“GORGONA” DI ANTONIO TIBALDI

Quotidianità e lavoro. Due entità inseparabili nella casa di reclusione di Gorgona, un’isola-carcere a diciannove miglia di distanza dalle coste della Toscana. Un penitenziario concepito come colonia agricola. Un luogo dove culture, religioni, politica e musica s’incontrano senza scontrarsi. Uno spazio distante dal mondo reale. Un territorio dove addirittura i giornalisti perdono le coordinate del loro mestiere e a tratti si comportano come se stessero assistendo a uno spettacolo esotico da scoprire e da ammirare più che da analizzare con raziocinio.

Premiato come miglior documentario italiano al 64° festival dei Popoli, Gorgona costruisce e insieme ridimensione l’esperienza quinquennale vissuta in prima persona dal regista in quel umwelt che rifugge da ogni definizione, senza mai scadere in un’indagine cronachistica o, al contrario, in un racconto eccessivamente soggettivo. Questo avviene grazie allo sguardo di Antonio Tibaldi, lucido e mai invadente, clinico e personale a un tempo. La dialettica tra l’ordinario e le diverse professioni rappresentate è infatti messa in scena da una regia perfettamente calibrata, ricca di primi piani, soprattutto dei detenuti che abitano quell’isola, e di lunghe sequenze anti-narrative che mostrano gli stessi prigionieri mentre fanno il pane, curano l’uliveto, tosano le pecore o mungono caprette – in una sola parola, al lavoro.

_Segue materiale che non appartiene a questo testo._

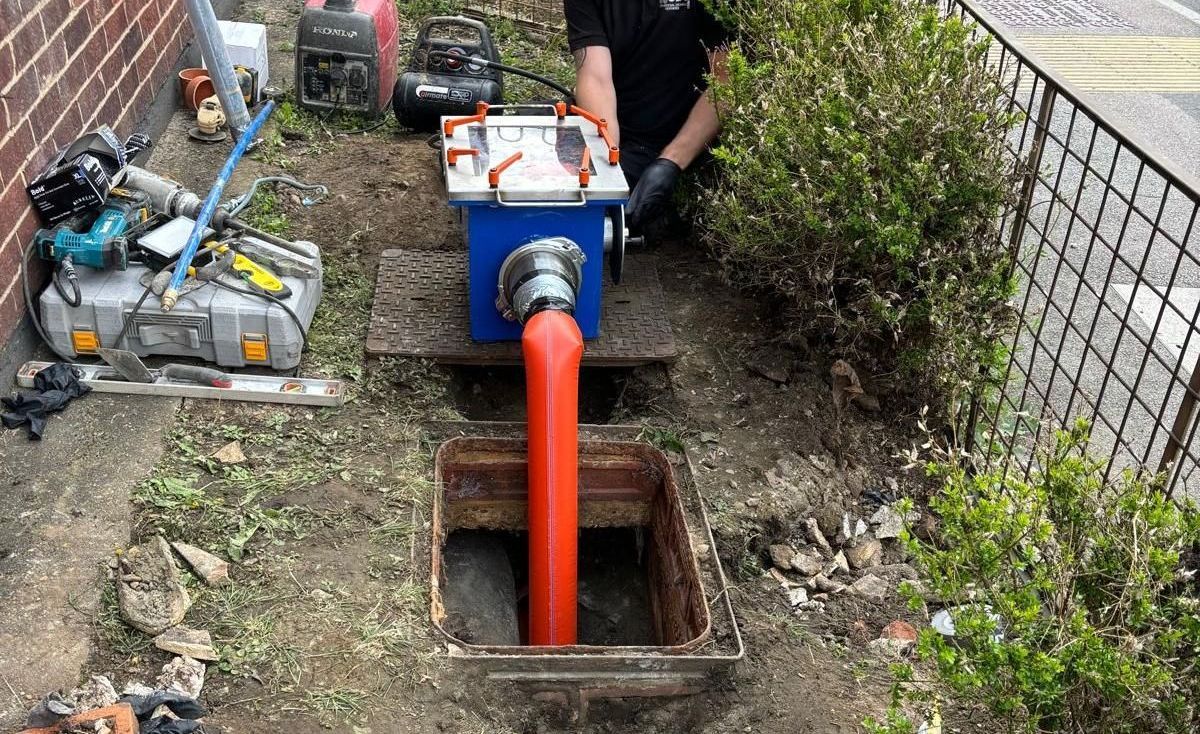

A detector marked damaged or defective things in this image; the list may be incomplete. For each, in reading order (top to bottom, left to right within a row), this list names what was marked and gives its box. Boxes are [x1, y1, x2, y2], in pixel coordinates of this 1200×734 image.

rusty metal edge [422, 422, 739, 671]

Quest’ampia veduta generale è intervallata da accurati approfondimenti che mettono in luce il terzo polo di cui Gorgona, e dunque il film, si fa carico: il rapporto familiare. Tibaldi infatti pone l’attenzione, senza minuzia di particolari, sia su Luisa Citti – unica erede delle famiglie che abitavano l’isola nell’Ottocento e la sola residente a non ricoprire il ruolo di prigioniero o poliziotto – sia su Antonio e Vincenzo Palumbo – padre e figlio, entrambi detenuti -, rivelando un reale trasporto emotivo in quello che è in apparenza un incolore covo di criminali.

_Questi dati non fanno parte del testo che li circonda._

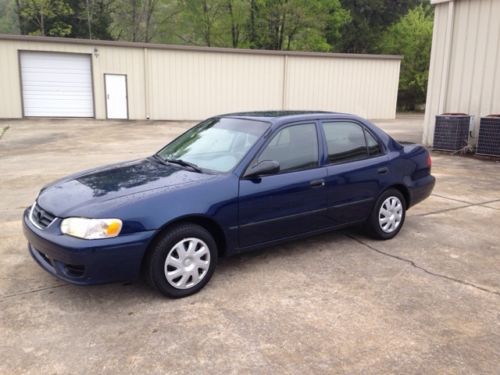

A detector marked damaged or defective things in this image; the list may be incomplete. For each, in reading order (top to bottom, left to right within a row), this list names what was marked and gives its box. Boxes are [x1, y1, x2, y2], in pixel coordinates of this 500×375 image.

cracked concrete [0, 115, 500, 375]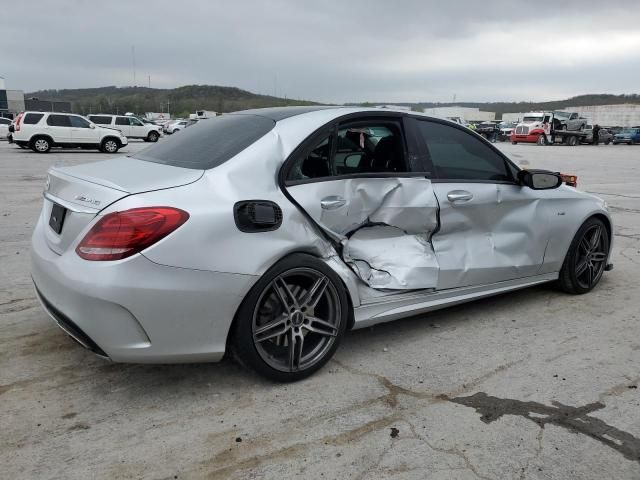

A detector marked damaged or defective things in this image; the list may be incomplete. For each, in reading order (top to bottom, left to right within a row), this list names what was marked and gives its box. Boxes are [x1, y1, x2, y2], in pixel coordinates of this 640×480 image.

cracked concrete lot [1, 140, 640, 480]
damaged rear door [284, 114, 440, 290]
torn sheet metal [284, 176, 440, 288]
torn sheet metal [340, 226, 440, 288]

In conclusione, Antonio Tibaldi, grazie a un delicato equilibrio tra soggettivizzazione e analisi investigativa, presenta alla quarta edizione del Job Film Days un documentario che tratta il lavoro non soltanto quale elemento rieducativo, ma come unica possibilità di riguadagnare quella dignità personale che gli ottantasette detenuti alla Gorgona credevano di aver perduto.